In January 1950 Bischoff was deported to the Soviet Union. He was sentenced to twenty five years hard labor by a military tribunal in Moscow and sent to a German POW camp located in Siberia. Bischoff would remain imprisoned in the USSR for the next five years. In October 1955 Bischoff would be among the last German prisoners of war and war criminals to be released from captivity by the Soviet Union. After resettling in West Germany, Bischoff was employed by the German Red Cross-Tracing Service from 1957 to 1965.

===Essen-Dora trial===
On 17 November 1967 Bischoff and two other former SS officers who had served with him at Mittelbau-Dora, were indicted for war crimes by the district court in Essen. The charges against Bischoff stemmed from his involvement in the series of mass executions that occurred at Mittelbau-Dora between February–April 1945. He was also charged with the use of torture on prisoners under interrogation. Bischoff entered a plea of not guilty.

The trial (known as the Essen-Dora Process) began in November 1967 and would continue for two and a half years. The proceedings included the testimony of over 300 witnesses, among them former Nazi Armaments Minister Albert Speer and the famed inventor of the V-2 rocket, Wernher von Braun, now a premier rocket scientist in the United States. The eminent East German jurist Friedrich Karl Kaul served as counsel for the plaintiffs.

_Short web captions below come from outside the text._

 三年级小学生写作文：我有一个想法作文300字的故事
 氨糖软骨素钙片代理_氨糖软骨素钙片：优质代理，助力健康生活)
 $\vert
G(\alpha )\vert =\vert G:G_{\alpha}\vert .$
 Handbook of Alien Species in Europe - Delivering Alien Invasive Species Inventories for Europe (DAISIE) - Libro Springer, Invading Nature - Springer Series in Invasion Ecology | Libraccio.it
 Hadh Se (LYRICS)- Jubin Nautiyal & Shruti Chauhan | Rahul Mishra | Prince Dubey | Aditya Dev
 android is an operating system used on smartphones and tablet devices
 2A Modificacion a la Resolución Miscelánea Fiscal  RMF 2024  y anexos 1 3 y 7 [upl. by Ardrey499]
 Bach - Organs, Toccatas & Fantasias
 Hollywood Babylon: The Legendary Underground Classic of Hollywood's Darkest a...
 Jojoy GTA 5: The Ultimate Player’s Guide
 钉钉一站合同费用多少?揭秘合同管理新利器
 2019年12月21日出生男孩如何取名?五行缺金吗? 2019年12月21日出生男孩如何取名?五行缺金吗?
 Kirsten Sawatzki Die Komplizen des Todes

On 5 May 1970 the case against Bischoff was postponed by the court due to reasons of his poor health. He was thus able to avoid being formally convicted of war crimes. The case against Bischoff was dropped on the grounds that:

If the main hearings were to be continued, there were serious grounds for assuming that the defendant [...] would be accused of being guilty of murder in a manner which, according to experts, would lead to an excessive rise of blood pressure.

Other attempts to prosecute Bischoff for his wartime activities also met with little success. An investigation by the district court of West Berlin into his involvement with the Einsatzgruppen killings in Bydgoszcz was discontinued in 1971, citing a lack of evidence. A further effort to prosecute Bischoff, this time for atrocities committed during his tenure as the Gestapo chief of Poznań, was likewise abandoned in 1976, once again owing to Bischoff's precarious health. Bischoff continued to reside in West Germany for the remainder of his life. He died in Hamburg on 1 January 1993.